WHAT THE EXERCISE ASKS: In the data below, set down exactly the lines from the one containing "A wooden door" up to and including the one containing "Two items on". Leave the pictures out.

☆ ☆ ☆ ☆ ☆

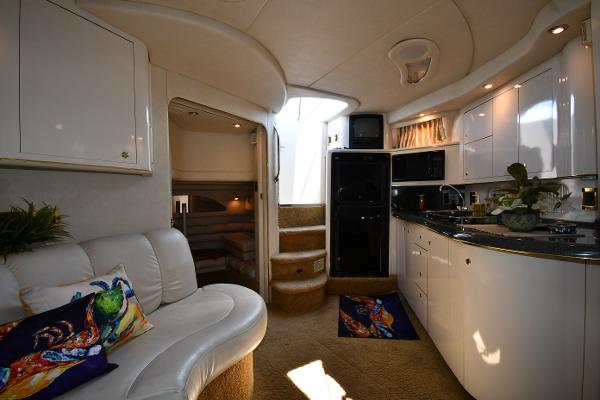 Interior of 1997 Sea Ray 400 Sundancer yacht with modern kitchen and seating area.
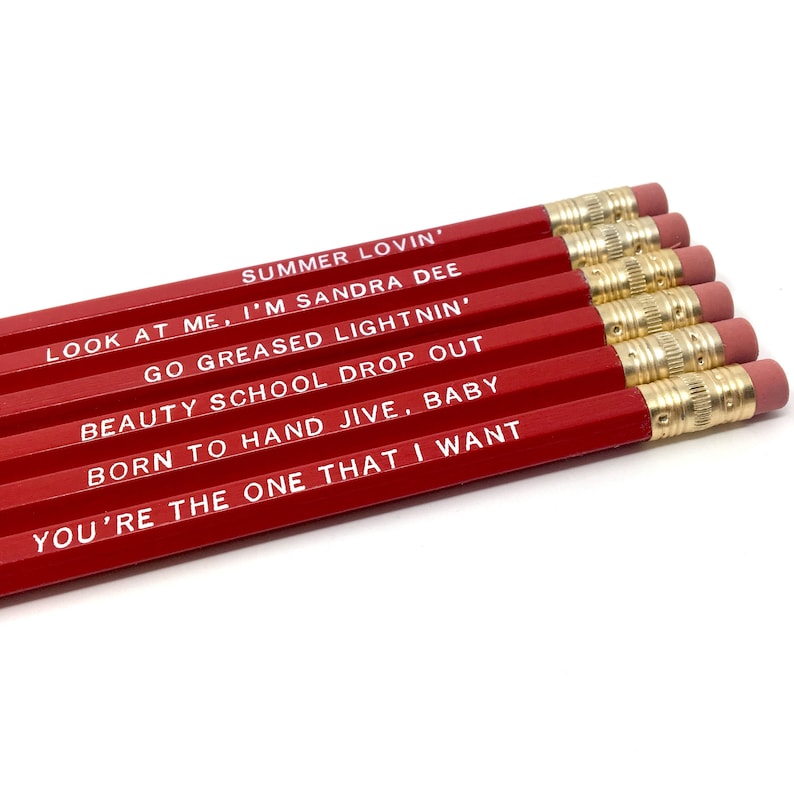 May include: Set of six red pencils with white text. The pencils feature lyrics from the musical Grease. The text on the pencils reads: "Summer Lovin', Look at me, I'm Sandra Dee, Go Greased Lightnin', Beauty School Drop Out, Born to Hand Jive, Baby, You're the One That I Want."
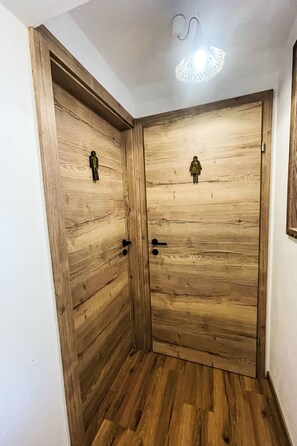 A wooden door with a simple latch and a small figure on the door. - Knaushof by Interhome (Ramsau am Dachstein)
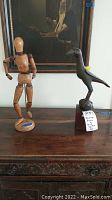 Two items on wooden table in front of framed artwork: wooden drawing figure mannequin on left and wooden bird sculpture on right with tag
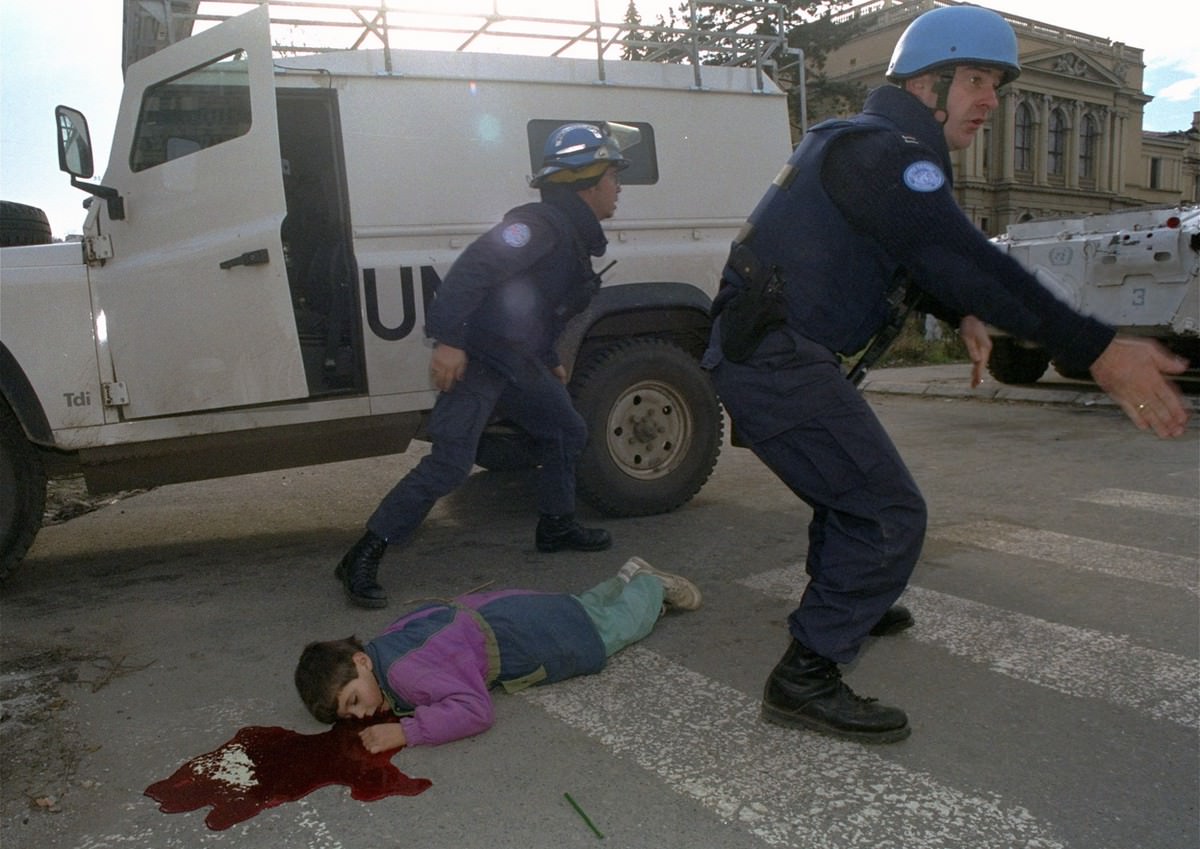 Seven-year-old Nermin Divovic lies mortally wounded in a pool of blood as unidentified American and British U.N. firefighters arrive to assist after he was shot in the head in Sarajevo Friday, November 18, 1994.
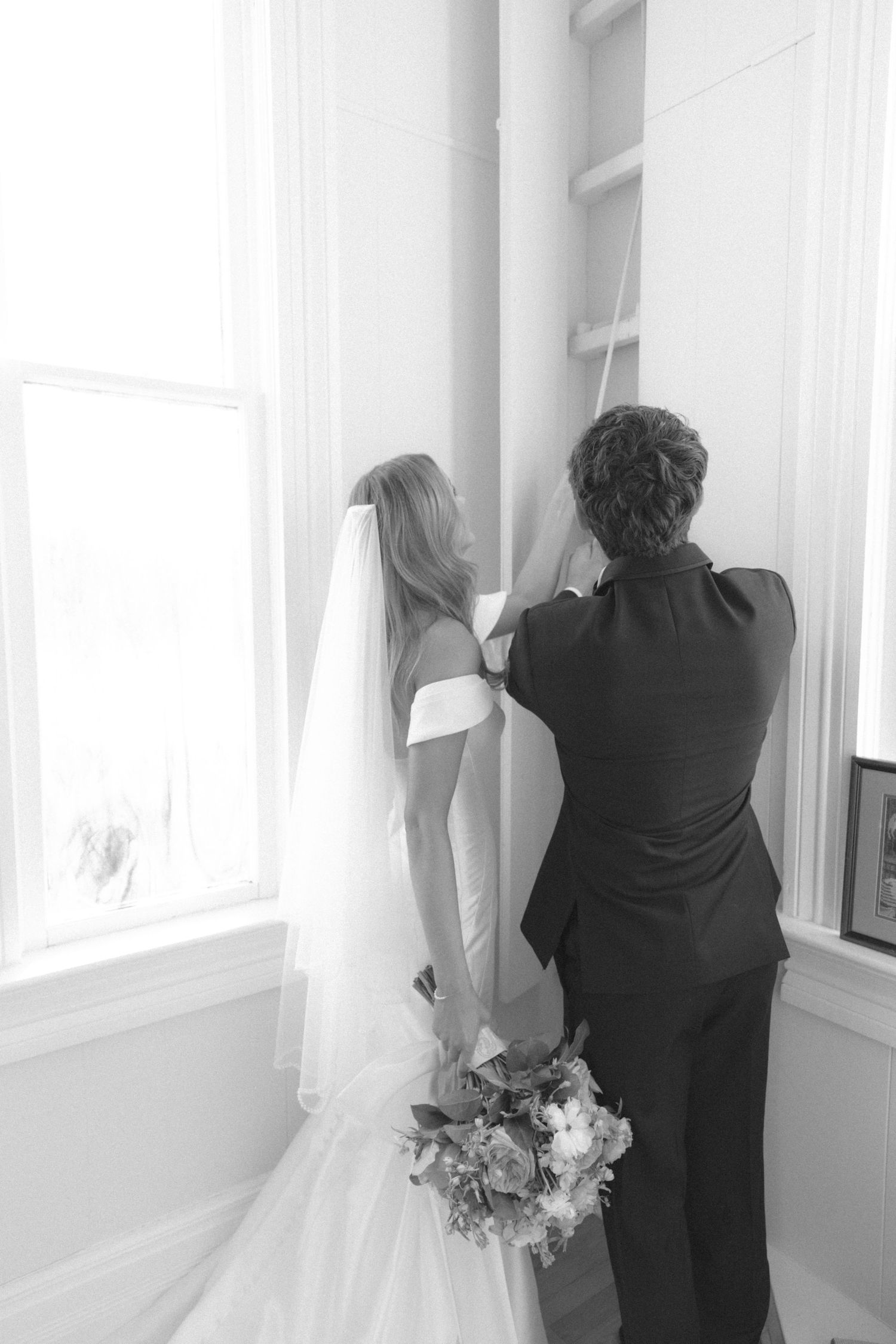 Black and white photo of a bride in wedding dress holding bouquet looking out window with companion.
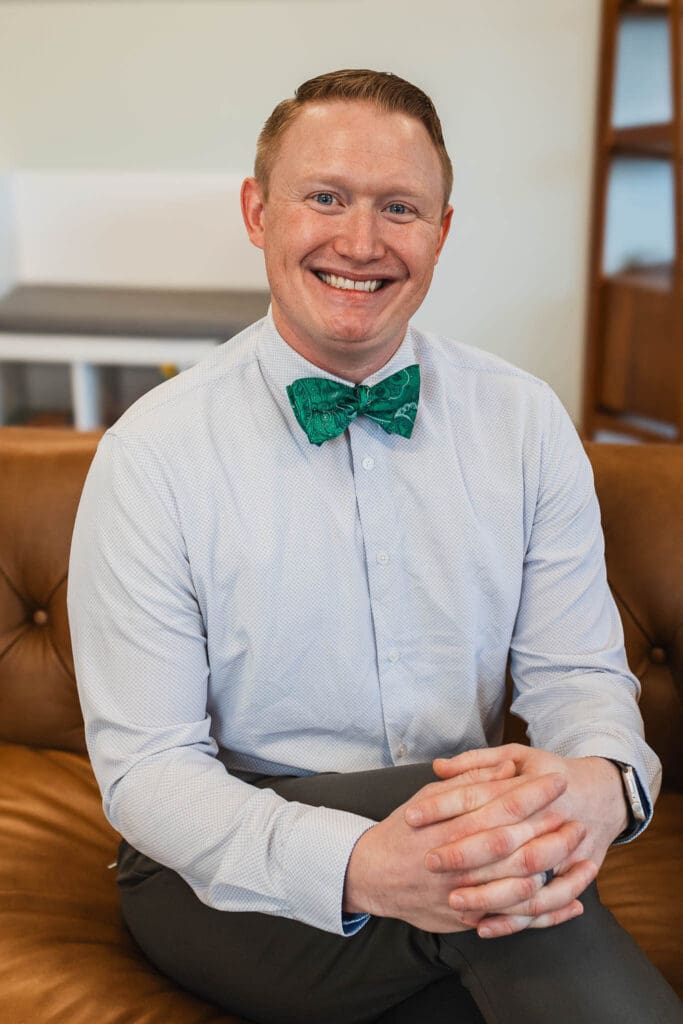 Dr. Mike Perisa, a smiling pediatrician at Zest Pediatrics in Cleveland, OH, sitting in his office, providing direct pediatric care to local families.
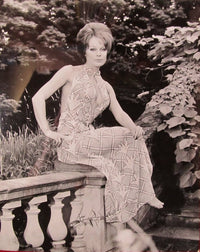 Elke Sommer Sitting on Stone Railing Photo Print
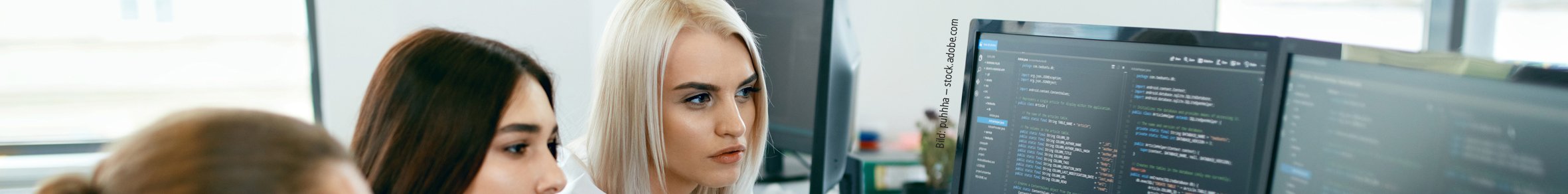 Bild: puhhha – stock.adobe.com Drei junge Menschen sitzen vor einem PC mit Code und unterhalten sich.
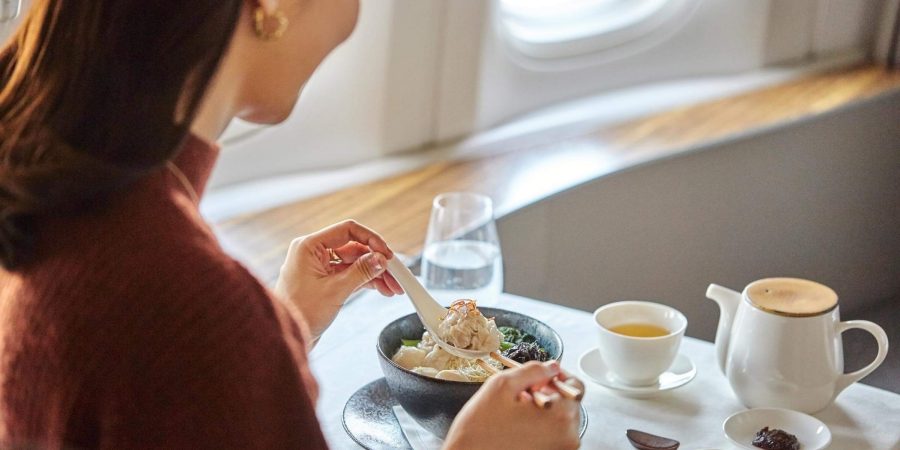 在國泰航空的頭等客艙內，一名女士正在用筷子和湯匙吃一碗餛飩面，旁邊放著中式調味料、一杯茶和一杯水。 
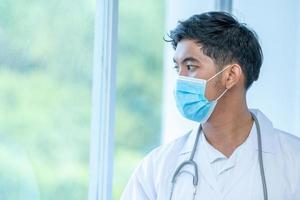 Man with face mask and stethoscope looking out window photo
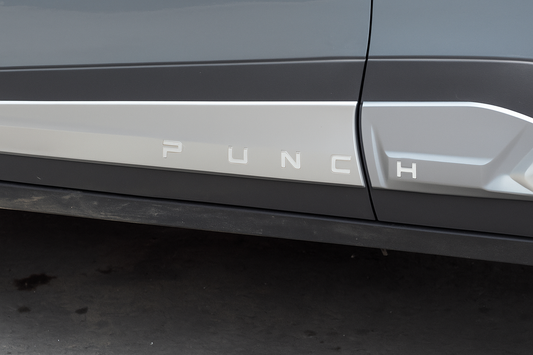 Car door with 'PUNCH' branding on a dark background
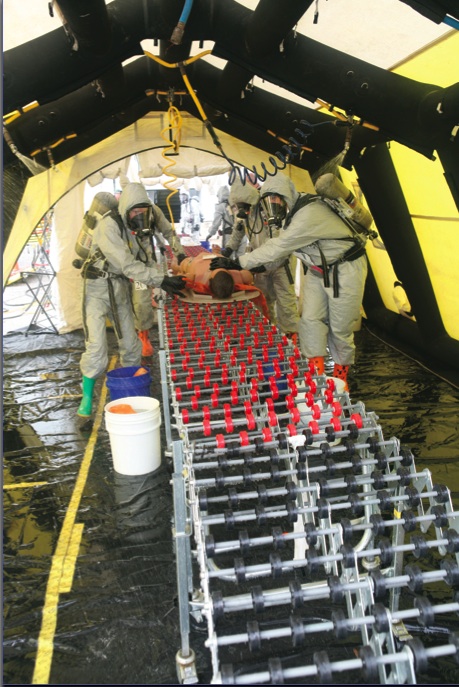 Michigan hospital employees simulate the decontamination of a survivor following a simulated mass-casualty incident during a recent DHS training session.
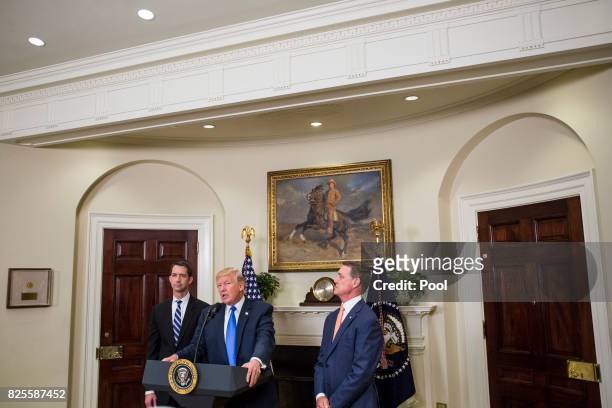 President Donald Trump makes an announcement on the introduction of the Reforming American Immigration for a Strong Economy Act with Sen. Tom Cotton...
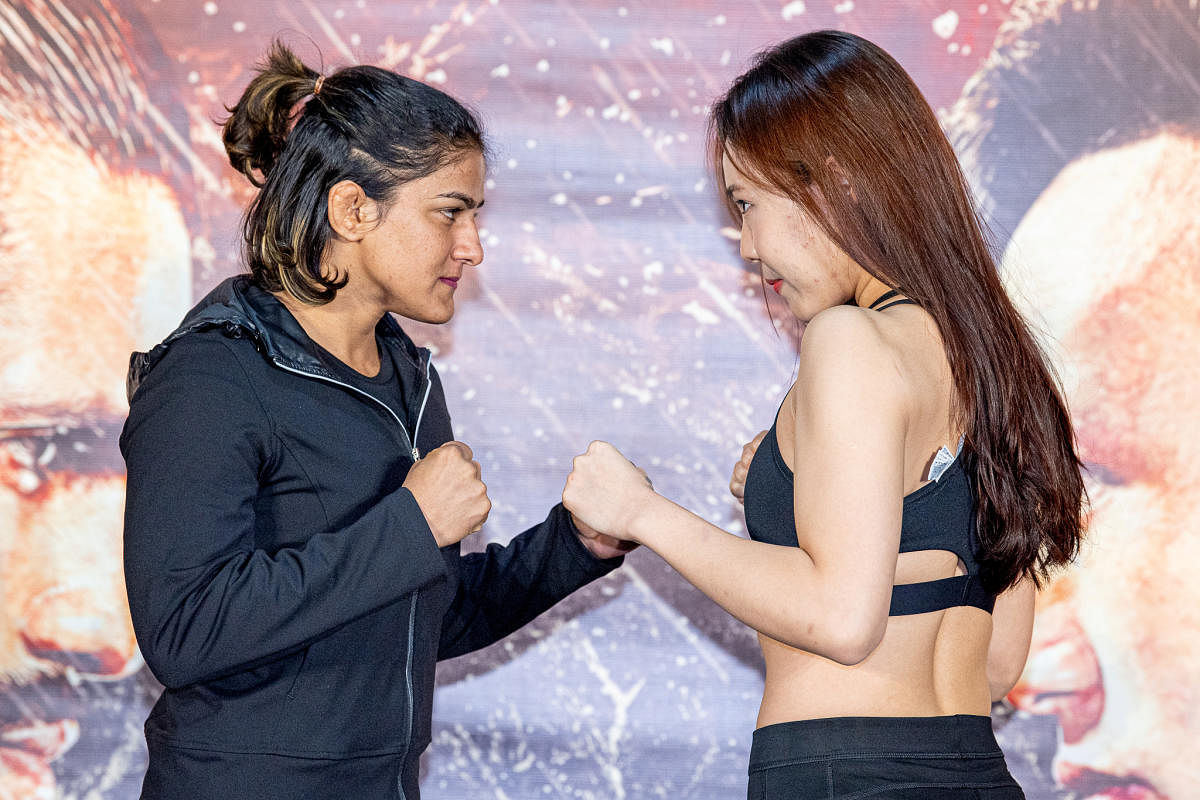 India's Ritu Phogat and South Korea’s Kim Nam-hee face off in Beijing. (Photo by Reuters)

☆ ☆ ☆ ☆ ☆

SOLVED EXERCISE:
 A wooden door with a simple latch and a small figure on the door. - Knaushof by Interhome (Ramsau am Dachstein)
 Two items on wooden table in front of framed artwork: wooden drawing figure mannequin on left and wooden bird sculpture on right with tag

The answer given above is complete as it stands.